Items from a dataset:
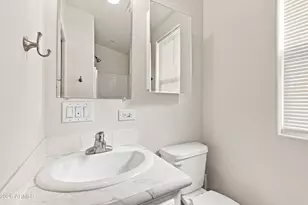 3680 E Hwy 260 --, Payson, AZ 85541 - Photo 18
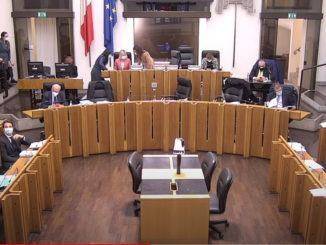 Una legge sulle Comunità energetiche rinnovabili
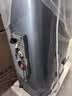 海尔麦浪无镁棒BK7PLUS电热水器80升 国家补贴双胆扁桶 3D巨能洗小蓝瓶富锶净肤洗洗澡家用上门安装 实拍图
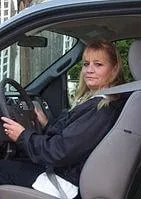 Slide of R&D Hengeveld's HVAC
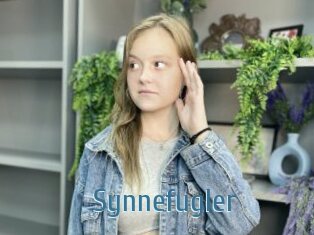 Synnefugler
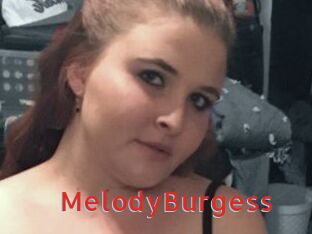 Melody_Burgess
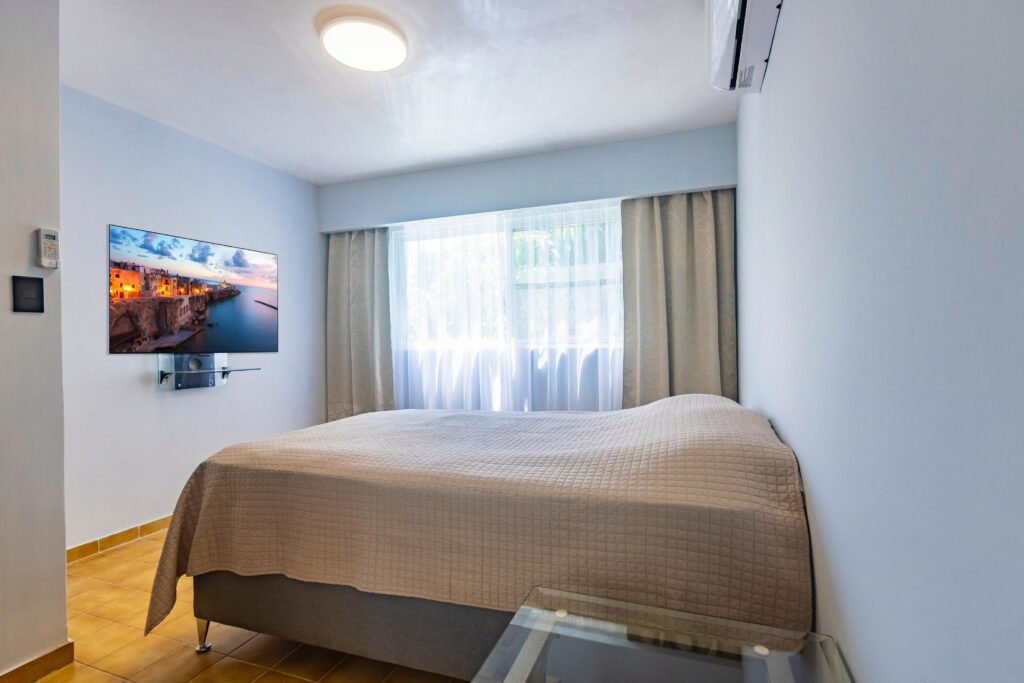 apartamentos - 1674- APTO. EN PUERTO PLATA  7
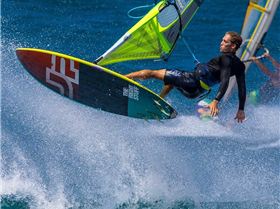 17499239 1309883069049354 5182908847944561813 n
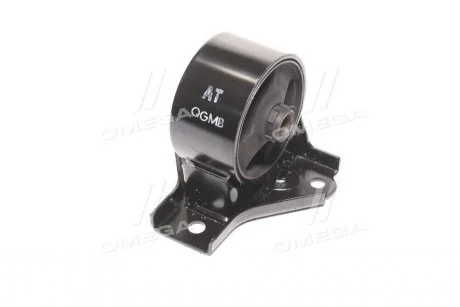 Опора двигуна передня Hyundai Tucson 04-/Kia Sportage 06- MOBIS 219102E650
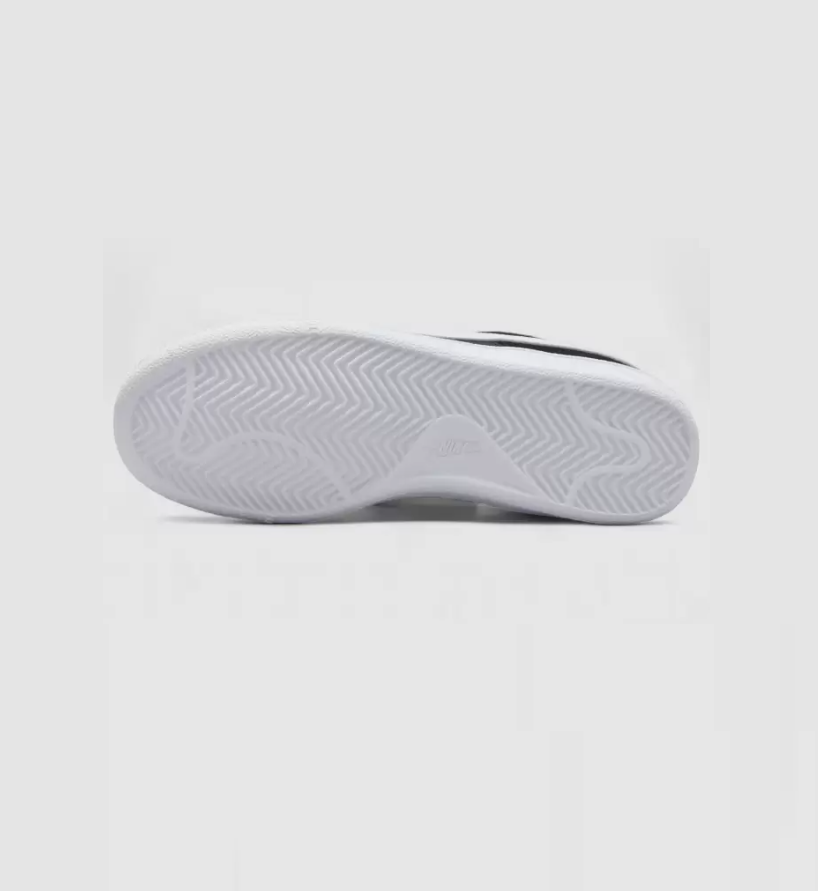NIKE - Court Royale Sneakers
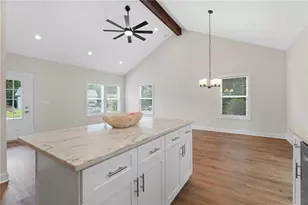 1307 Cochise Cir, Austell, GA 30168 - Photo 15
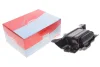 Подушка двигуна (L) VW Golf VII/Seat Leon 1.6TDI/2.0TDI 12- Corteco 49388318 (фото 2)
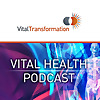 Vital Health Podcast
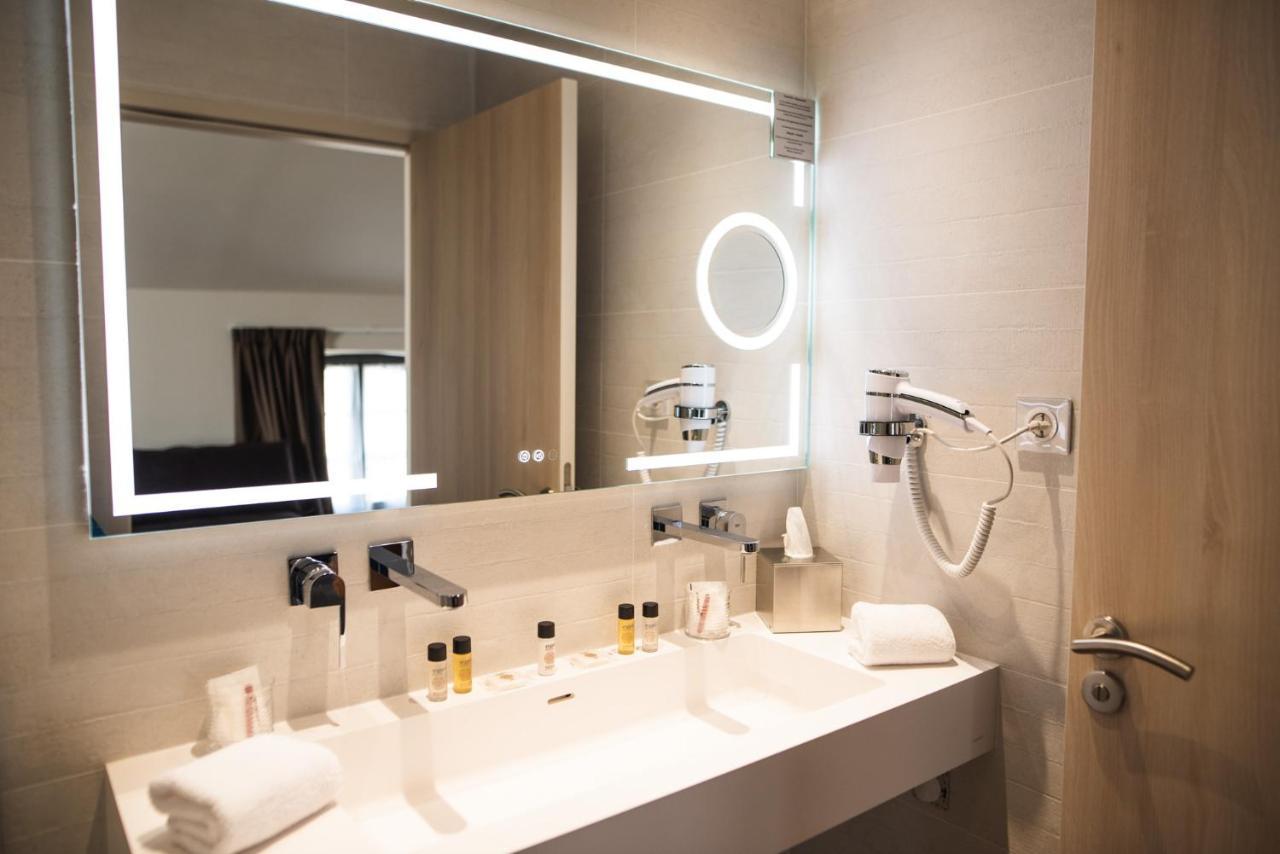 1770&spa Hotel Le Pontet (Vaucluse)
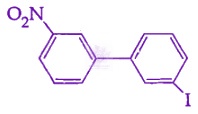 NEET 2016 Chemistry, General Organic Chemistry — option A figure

_WORK INSTRUCTIONS_
With pictures omitted, restate word for word every line above from the one containing "apartamentos - 1674- APTO." to the end of the entries.

_YOUR SOLUTION_
 apartamentos - 1674- APTO. EN PUERTO PLATA  7
 17499239 1309883069049354 5182908847944561813 n
 Опора двигуна передня Hyundai Tucson 04-/Kia Sportage 06- MOBIS 219102E650
NIKE - Court Royale Sneakers
 1307 Cochise Cir, Austell, GA 30168 - Photo 15
 Подушка двигуна (L) VW Golf VII/Seat Leon 1.6TDI/2.0TDI 12- Corteco 49388318 (фото 2)
 Vital Health Podcast
 1770&spa Hotel Le Pontet (Vaucluse)
 NEET 2016 Chemistry, General Organic Chemistry — option A figure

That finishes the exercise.